Sazkia Noor Anggraini 12 Februari 2012

“Ibu, kata orang Amerika pe bendera jaga ditancapkan di Bulan?”, celetuk Ongki (kelas 5) saat mendengar pertanyaan Aldi (kelas 3) tentang pendaratan manusia pertama di bulan. Aku tersenyum dan bingung juga menjawabnya. Memang benar bendera Amerika ditancapkan saat Neil Amstrong menginjakkan kakinya di bulan untuk pertama kalinya, tapi kurasa tidak mungkin bendera itu ditinggalkannya. Kalaupun memang ditinggalkannya, berarti pengetahuanku tentang “perbulanan” tenyata kurang.

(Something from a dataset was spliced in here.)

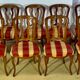 12 chairs in oak, carved wood with fleurette decorations, fabric seat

Pagi tadi, setelah sekolah minggu kuputuskan untuk “memindahkan” perpustakaan sempit sekolah ke Tenene –kami biasa menyebutnya- sebuah tempat di lembah bukit Pulau Kalama di mana ada dataran landai dengan banyak pohon rindang melingkupinya. Tenene juga dipilih karena jaraknya yang tidak terlalu jauh, hanya 15 menit berjalan kaki. Untuk mencari tempat landai lain di pulau ini setidaknya butuh lebih dari 30 menit berjalan kaki naik turun bukit. Meskipun wilayah pesisir, abrasi yang menerpa pantai Kalama Kola telah meniadakan daerah landai satu-satunya di tempat ini yaitu pantai, tempat yang digunakan sebagai “lapangan” sepakbola murid-muridku.

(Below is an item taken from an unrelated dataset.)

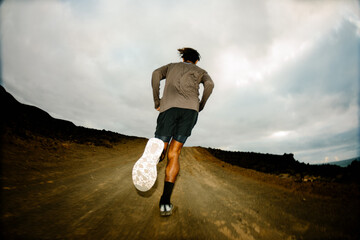 Flash-lit sports shot of the back of a professional trail runner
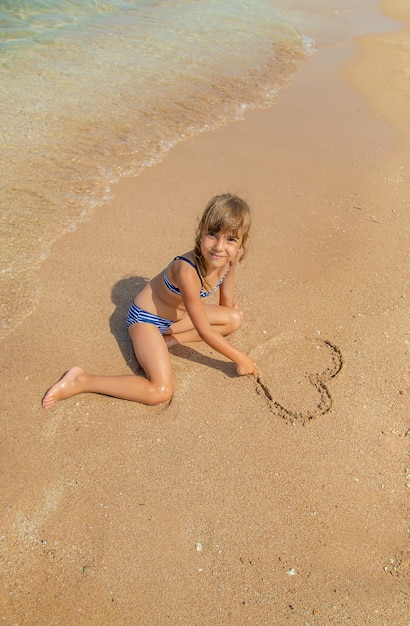 Child draws in the sand on the beach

Hari sebelumnya, kusiapkan beberapa buku bacaan ringan penuh gambar di dalam tas hitam yang gagah bertuliskan Indonesia Mengajar. Setelah kulihat anak-anak mulai berganti baju sepulang bersekolah minggu, aku siap dengan sebuah harapan; minat baca murid-muridku yang semakin tinggi. Biasanya kegiatan membaca selalu dilakukan di perpustakaan dadakan sekolah kami. Yah, perpustakaan dadakan, karena sekolah kami memang tidak punya ruang khusus penyimpanan buku dan tempat membaca yang disebut perpustakaan. Satu-satunya ruang non kelas yang kami punya adalah ruang kantor guru di lantai atas. Ruangan ini hanya sebesar 6x6 meter dan dipenuhi dengan meja dan kursi guru, alat-alat peraga, serta tumpukan buku dengan lemari berdebu di sana-sini. Sekolah kami mendapatkan semua ini dari dana DAK (Dana Alokasi Khusus), dana “penyelamat” yang membuat sekolah-sekolah di daerah terpencil pun “terlihat” seperti sekolah-sekolah di kota.

 Awalnya, rak-rak buku terletak di sudut ruangan. Buku-buku masih tertata rapi dan sangat berdebu, jauh dari tangan-tangan kecil murid-muridnya. “Pak Guru bilang nimbole ba’ambil buku di situ”, alasan salah seorang muridku di awal-awal kedatanganku dulu. Tapi berkat kesepakatan guru-guru dan murid, pada beberapa bulan lalu, kami memanfaatkan jam pengembangan diri di hari Sabtu untuk kerja bakti. Agenda utamanya adalah memfungsikan lagi WC dan mendekorasi ulang ruang kantor menjadi dwifungsi, kantor dan perpustakaan. Akhirnya, ruangan sempit itu dipersempit lagi. Rak-rak buku menjadi batas antara ruang privasi guru dan ruang privasi murid (perpustakaan). Meski sempit, anak-anak selalu antusias karena buku yang dulu berdebu dan lengket cetakannya karena ditumpuk saat masih baru, kini bisa dengan leluasanya dibuka-buka, dibolak-balik, diambil, lalu dikembalikan lagi, berganti dengan buku yang baru.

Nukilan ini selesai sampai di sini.